# Redfish Regatta Poll



## jim t (Sep 30, 2007)

I am thinking about changing the rules this year. I'd like to keep EVERYBODY in it till the last minute. 

I was thinking about LONGEST Redfish being the winner but I haven't tested how easy it is to get a picture of a Red next to a measuring stick or tape that is readable in the picture.

So I thought a fish with the MOST spots on ONE side or the other would be easier to take a good picture.

So it's up for a vote:

1. Longest fish

2. Most spots

3. The old way... MOST fish of any side

Jim


----------



## Flguy32514 (Sep 16, 2012)

Personally, I think most fish would be the most fun, could we do maybe something like most fish wins, most spots gets some secondary prize?


----------



## CCC (Sep 3, 2008)

Most fish


----------



## nextstep (Jun 27, 2008)

in years past the most fish ended up being a hand full of minnows.

longest


----------



## bonita dan (Oct 3, 2007)

I voted for longest since my tape measure is already rigged,Uh ready for this halfazzed tournament. Most folks that enter this can hardly count to 2 let alone read something with little hash marks in it and know what it means,basically there Stupid,there I said it!


----------



## Ocean Man (Sep 27, 2007)

I like the idea of the longest fish but either option would be fine. I'm most concerned about the weather....

*FriFeb 22*








70°F
61°F
T-Storms

Chance of rain:80%Wind:SSE at 11 mph 

*SatFeb 23*








67°
49°
T-Storms

Chance of rain:90%Wind:WNW at 9 mph 


*SunFeb 24*








69°
58°
Few Showers

Chance of rain:30%Wind:E at 9 mph


----------



## H2OMARK (Oct 2, 2007)

bonita dan said:


> I voted for longest since my tape measure is already rigged,Uh ready for this halfazzed tournament.
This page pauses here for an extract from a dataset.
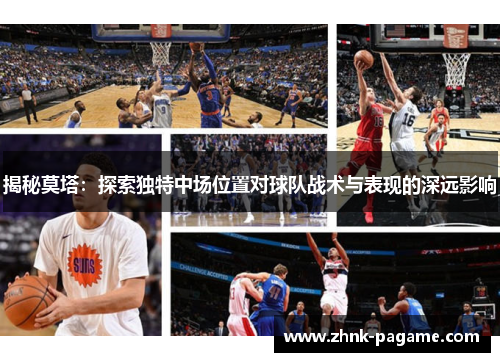 揭秘莫塔：探索独特中场位置对球队战术与表现的深远影响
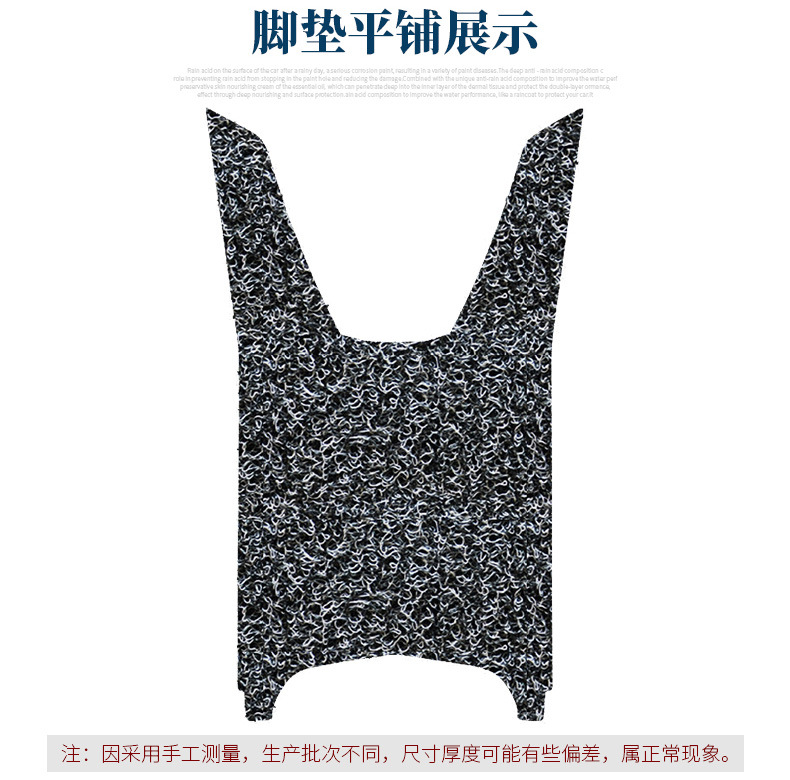Suitable for 26 Models of Jihua Ae4Se+ Anti-Slip Foot Mats for Electric Vehicles Modified with Ae4Se+ Electric Motorcycle Coil Tread Foot Mats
Most folks that enter this can hardly count to 2 let alone read something with little hash marks in it and know what it means,basically there Stupid,there I said it!


I thought you wanted the longest because your tape measure shows 8 inches where the two inch hash really is..........:whistling: and only works in warm weather.


----------



## SHO-NUFF (May 30, 2011)

Dam, you Guys are rough! 
I think I would check the bilge pumps real good if you are planning on fishing this weekend.


----------



## reel_crazy (Oct 1, 2007)

i vote longest .. we will be using them metric inches

rich


----------